Work request: Reproduce exactly the lines below, from the first one through the line containing "Medallions rest on", and omit any pictures.

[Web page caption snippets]
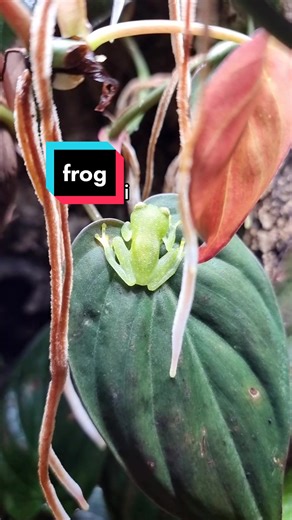 Fascinating Glass Frog - Hyalinobatrachium Fleischmanni
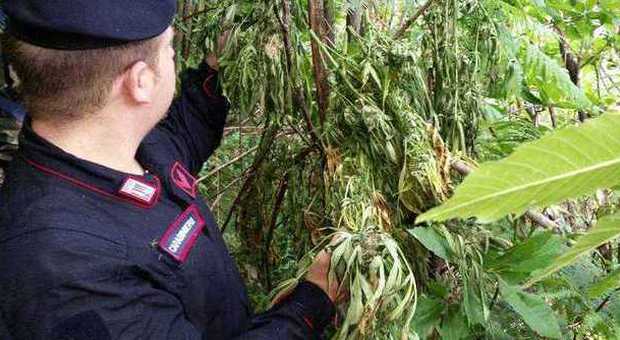 Ancora un sequestro di marijuana sui Lattari: distrutta piantagione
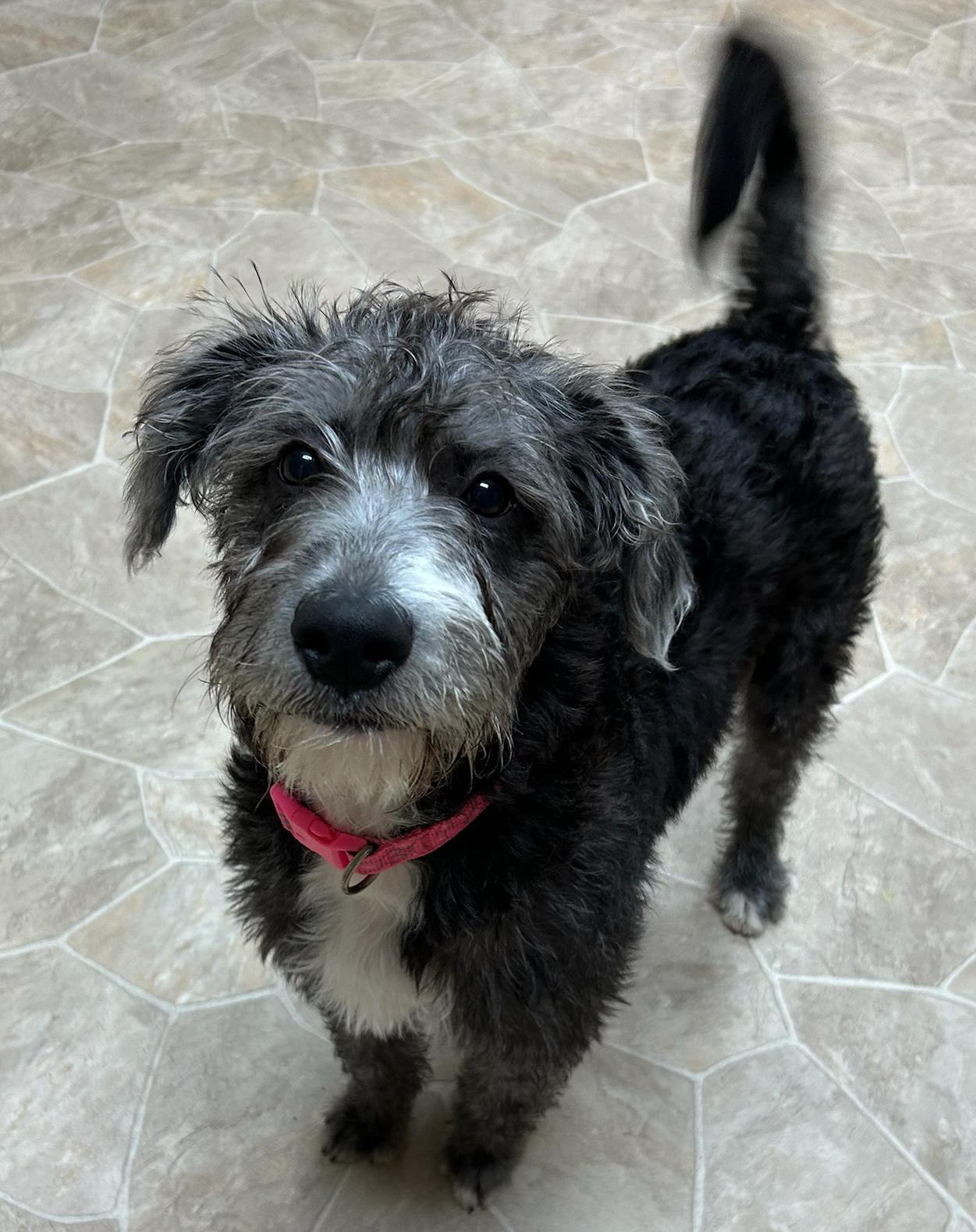 Enlarge Honey, a Adoptable mixed breed in Neillsville, WI image 4/6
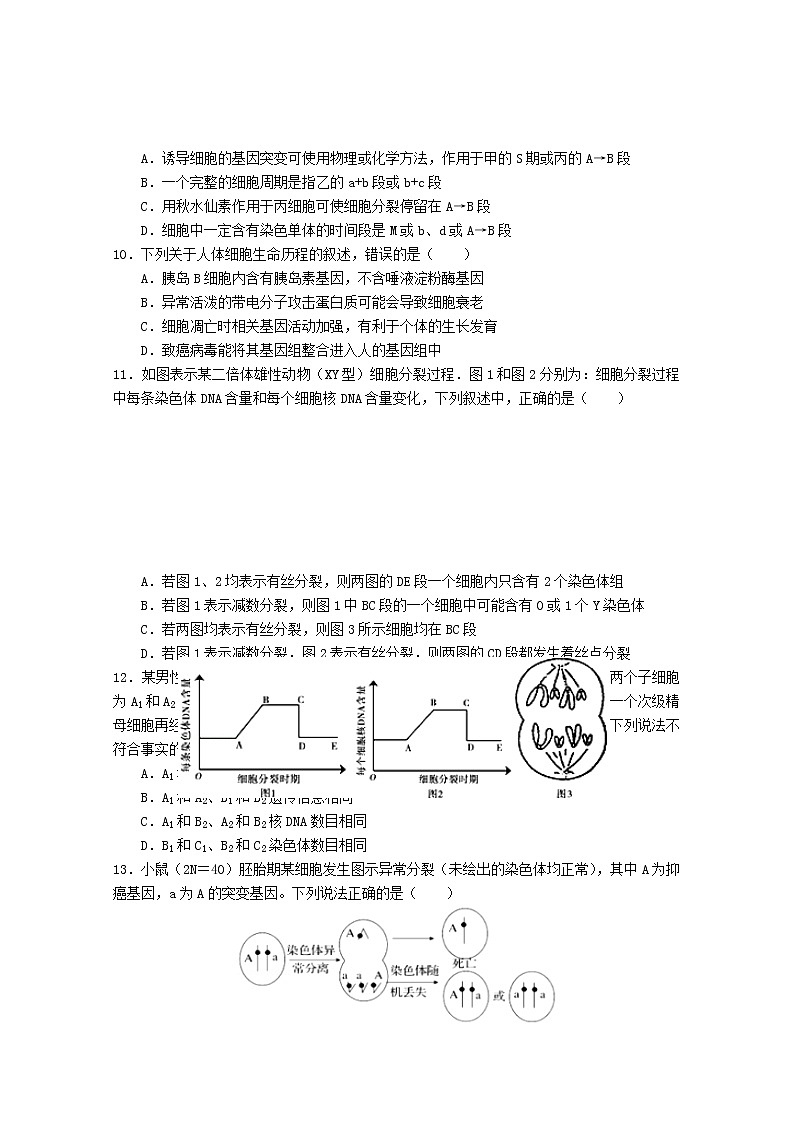 2021信阳罗山县高三上学期第二次调研考试生物试题含答案03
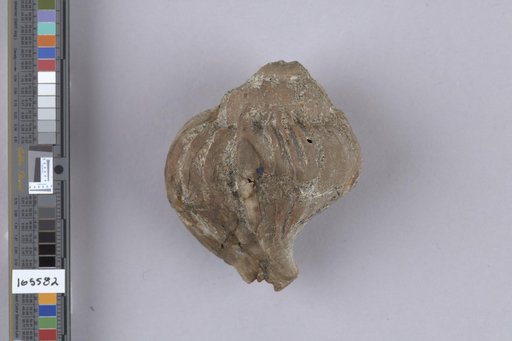 Chrysodomus imperialis Dall, 1909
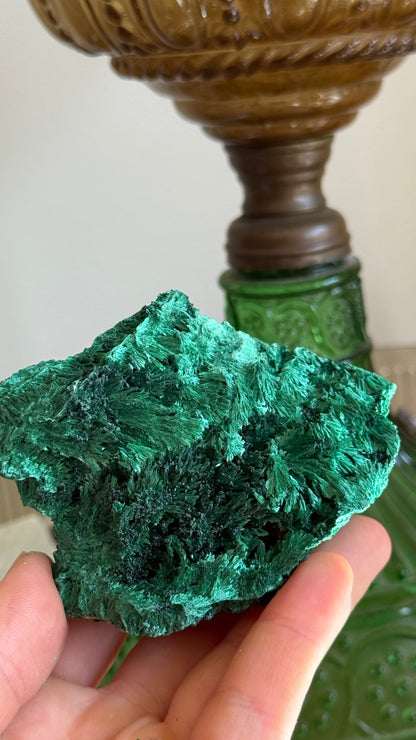 Velvety Malachite B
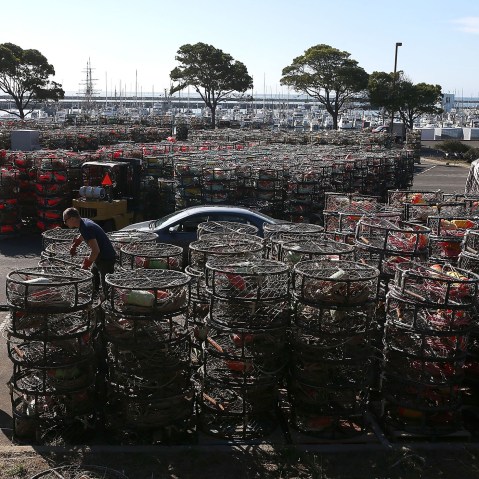 Nick White and Chris Swim stack crab traps in the parking lot of the Pillar Point Harbor on Nov. 5, 2015 in Half Moon Bay, Calif. (Photo by Justin Sullivan/Getty)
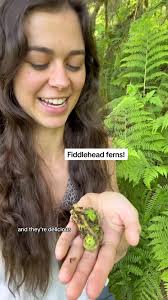 Mild Thornberries (@mildthornberries)’s videos with original sound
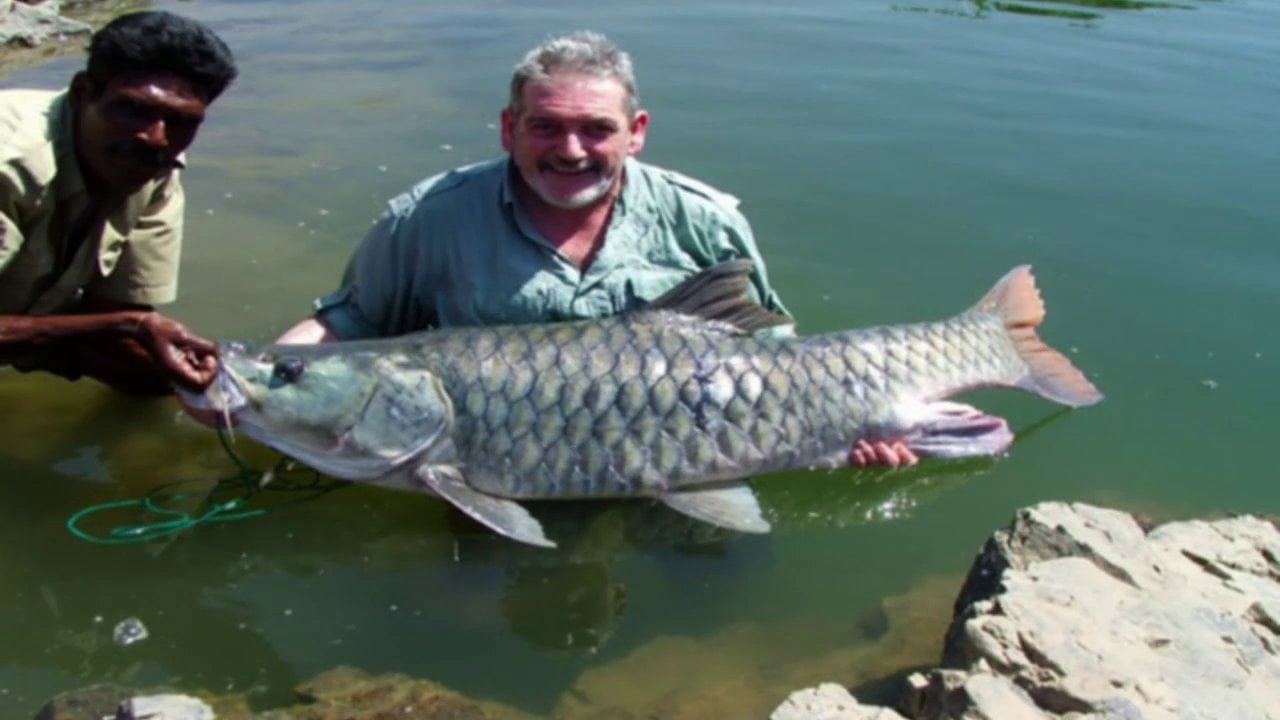 Mahseeer Fishing in India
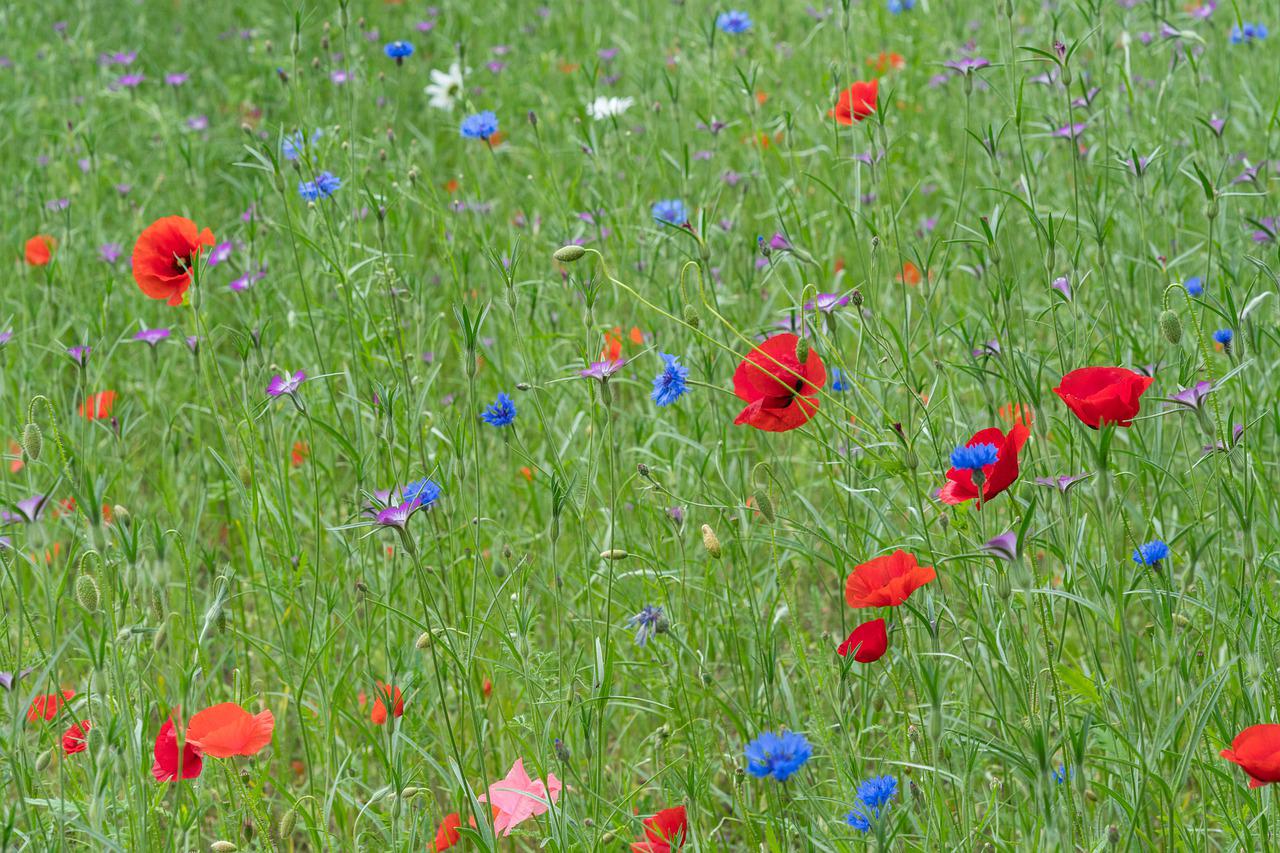 Sommerwind, sitze auf der Wiese wie ein Kind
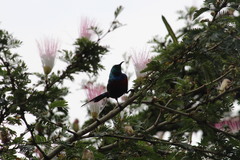 Cinnyris erythrocercus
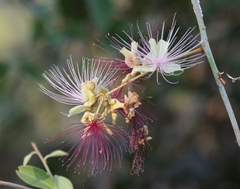 Capparis zeylanica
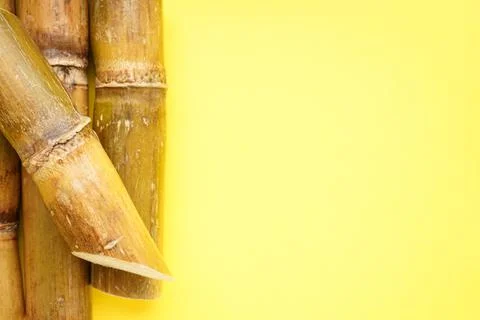 Sugarcane on a yellow background with space for text, close-up. Top view. Stock Photos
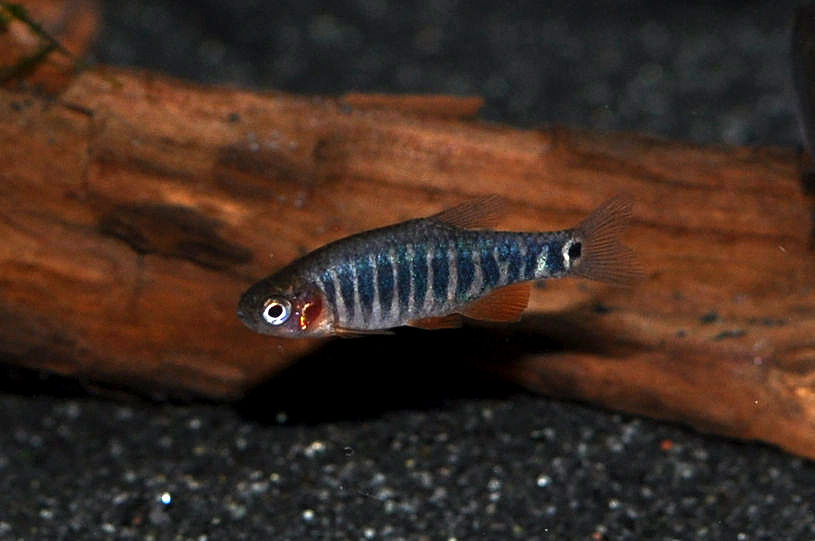 Quergestreifter Zwergbärbling, Danio erythromicron
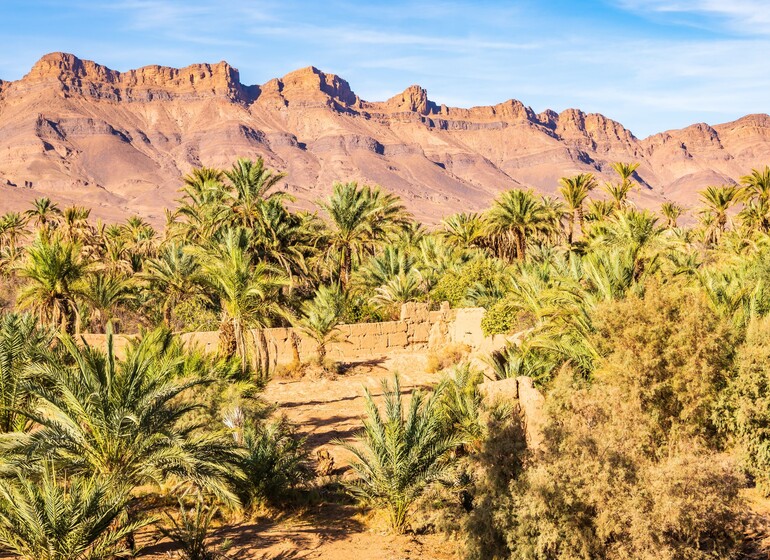 Circuit Kasbahs & Désert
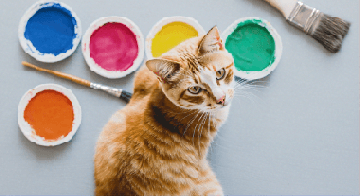 AllChat featured image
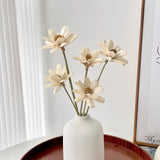 Opalfloral Beige Daisy Dried Flower Set – Minimalist Arrangement with White Ceramic Vase, 11.8'' Tall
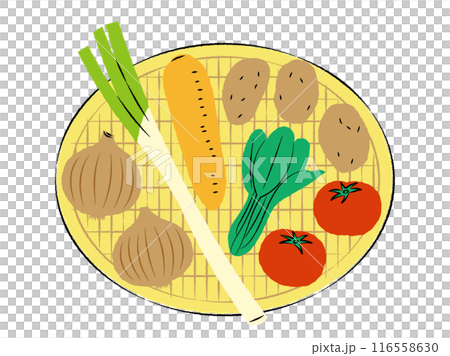ザルに入ったいろいろな野菜のイラスト｜ベクター 116558630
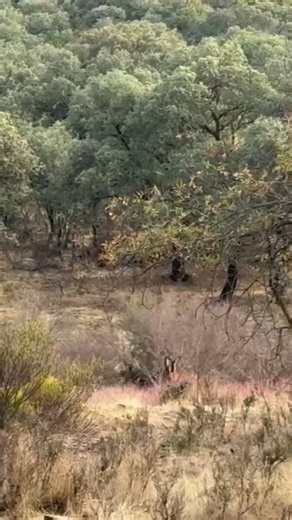 cierva y gabata, paseando en busca alimentación y despertando de la siesta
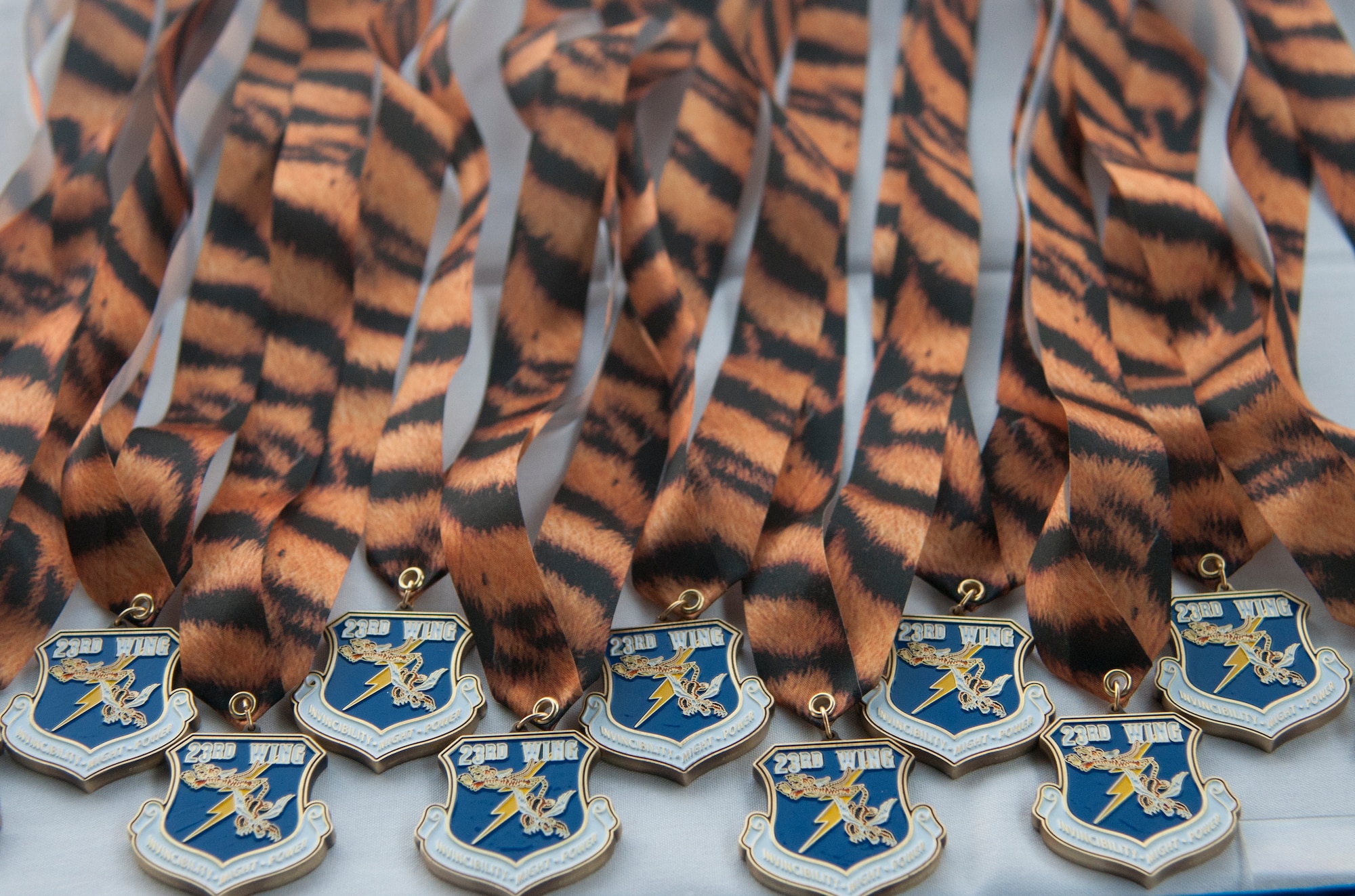 Medallions rest on a table as the commander and 
 Command chief of the 23d Wing present each award nominee with a medallion during the Annual Awards Banquet at the James H. Rainwater Conference Center in Valdosta, Ga., Jan. 28, 2012. There were nearly 100 nominees for the 2012 annual awards. (U.S. Air Force Photo by Airmen 1st Class Paul Francis/Released)
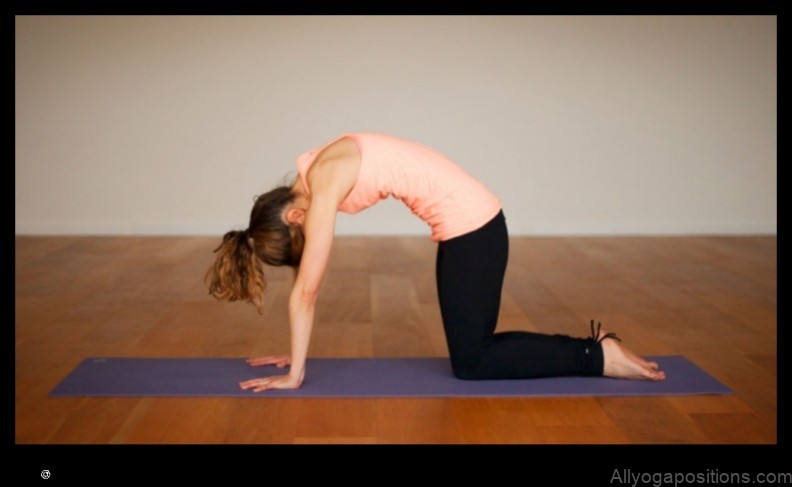 Yoga Fundamentals: Building a Strong Foundation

The completed task:
 Fascinating Glass Frog - Hyalinobatrachium Fleischmanni
 Ancora un sequestro di marijuana sui Lattari: distrutta piantagione
 Enlarge Honey, a Adoptable mixed breed in Neillsville, WI image 4/6
 2021信阳罗山县高三上学期第二次调研考试生物试题含答案03
 Chrysodomus imperialis Dall, 1909
 Velvety Malachite B
 Nick White and Chris Swim stack crab traps in the parking lot of the Pillar Point Harbor on Nov. 5, 2015 in Half Moon Bay, Calif. (Photo by Justin Sullivan/Getty)
 Mild Thornberries (@mildthornberries)’s videos with original sound
 Mahseeer Fishing in India
 Sommerwind, sitze auf der Wiese wie ein Kind
 Cinnyris erythrocercus
 Capparis zeylanica
 Sugarcane on a yellow background with space for text, close-up. Top view. Stock Photos
 Quergestreifter Zwergbärbling, Danio erythromicron
 Circuit Kasbahs & Désert
 AllChat featured image
 Opalfloral Beige Daisy Dried Flower Set – Minimalist Arrangement with White Ceramic Vase, 11.8'' Tall
ザルに入ったいろいろな野菜のイラスト｜ベクター 116558630
 cierva y gabata, paseando en busca alimentación y despertando de la siesta
 Medallions rest on a table as the commander and 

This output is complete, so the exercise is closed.